Yep, Sainsburys, £199. No games with it though


----------



## -Kev- (Oct 30, 2007)

i see they're available in different GB's, which is best to go for or isn't there much difference...


----------



## Matt. (Aug 26, 2007)

http://www.hotukdeals.com/deals/ps3-console-reduced-to-199-99-sains/785734 160GB, will do you fine


----------



## -Kev- (Oct 30, 2007)

cool, what sort of money could i expect for my 360 - with 1 controller, F1 2010, forza 3, forza 2, project gotham racing 4 and smackdown vs raw 2010?...


----------



## Matt. (Aug 26, 2007)

God knows Kev, take it to GAME, Gamestation, try CeX, Ebay and the likes. If i was you, i'd try CeX then Ebay, just to get rid as a whole package


----------



## -Kev- (Oct 30, 2007)

i'll do that matt :thumb:
is the 24th of this month the release date for GT5?...


----------



## Matt. (Aug 26, 2007)

GT5 has had too many release dates, i dont think there is a definite one set yet. I looked on shopto.net, they said 5th December then play.com and amazon both said differant.


----------



## wedgie (Apr 5, 2008)

http://www.play.com/Games/PlayStati...ran-Turismo-5-Collectors-Edition/Product.html

There you go buddy


----------



## -Kev- (Oct 30, 2007)

wedgie said:


> http://www.play.com/Games/PlayStati...ran-Turismo-5-Collectors-Edition/Product.html
> 
> There you go buddy


:argie: cheers kev 
just need to sell my xbox, PS2 and PSP now


----------



## wedgie (Apr 5, 2008)

-Kev- said:


> :argie: cheers kev
> just need to sell my xbox, PS2 and PSP now


Why? ive still got my ps1 ps2, xbox and xbox 360 :thumb:

Still getting used to the ps controllers again,i keep throwing frags instead of shooting in black ops :wall::wall:


----------



## -Kev- (Oct 30, 2007)

wedgie said:


> Why? ive still got my ps1 ps2, xbox and xbox 360 :thumb:
> 
> Still getting used to the ps controllers again,i keep throwing frags instead of shooting in black ops :wall::wall:


ain't got quite 275 quid in my back pocket unfortunatly 
edit; just worked out i'll have enough after pay day this month, even without selling my other consoles 
i take it you have a PS3 kev?..


----------



## wedgie (Apr 5, 2008)

Yeah,

I bought the ps3 black ops bundle from play :thumb::thumb:


----------



## -Kev- (Oct 30, 2007)

wedgie said:


> Yeah,
> 
> I bought the ps3 black ops bundle from play :thumb::thumb:


cool, getting GT5 as well? im not really into war games tbh. i'll be getting GTA and F1 2010 though


----------



## Guest (Nov 14, 2010)

HMV, and I think they will buy the Xbox from you as well under their 'Replay' offer.

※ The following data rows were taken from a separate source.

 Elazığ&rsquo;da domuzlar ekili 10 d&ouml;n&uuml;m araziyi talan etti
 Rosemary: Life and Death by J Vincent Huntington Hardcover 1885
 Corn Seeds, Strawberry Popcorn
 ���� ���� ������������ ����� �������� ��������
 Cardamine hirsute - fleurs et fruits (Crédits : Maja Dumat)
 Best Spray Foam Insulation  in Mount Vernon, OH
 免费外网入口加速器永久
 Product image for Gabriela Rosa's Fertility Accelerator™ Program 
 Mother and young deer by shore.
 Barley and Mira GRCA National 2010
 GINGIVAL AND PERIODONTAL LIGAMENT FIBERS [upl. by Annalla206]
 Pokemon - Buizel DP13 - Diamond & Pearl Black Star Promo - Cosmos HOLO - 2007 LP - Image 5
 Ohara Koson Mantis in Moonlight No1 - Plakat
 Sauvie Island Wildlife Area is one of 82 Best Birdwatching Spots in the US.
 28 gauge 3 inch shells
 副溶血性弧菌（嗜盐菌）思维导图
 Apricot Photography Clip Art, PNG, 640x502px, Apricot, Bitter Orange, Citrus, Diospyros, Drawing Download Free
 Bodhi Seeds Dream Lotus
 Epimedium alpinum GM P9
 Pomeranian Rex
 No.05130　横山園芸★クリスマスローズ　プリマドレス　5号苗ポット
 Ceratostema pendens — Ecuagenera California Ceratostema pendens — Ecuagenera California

http://hmv.com/hmvweb/navigate.do?c...stuff+you+love+for+less+-+click+here+for+info


----------



## chrisc (Jun 15, 2008)

How much for the xbox kev with out the games


----------



## -Kev- (Oct 30, 2007)

won't say chris as i don't want to get a telling off for trying to sell something thats not in a sales thread. if i sell it on here, it'll be up sometime this week probably


----------



## chrisc (Jun 15, 2008)

Ok kev i shall keep a look out best i can.useing phone for internet at minute till i get laptop cable down


----------



## -Kev- (Oct 30, 2007)

chrisc said:


> Ok kev i shall keep a look out best i can.useing phone for internet at minute till i get laptop cable down


:thumb:


----------



## Matt. (Aug 26, 2007)

Kev, if your not in a rush and only want it for GT5, i'd get the Kev(wedgie) linked to.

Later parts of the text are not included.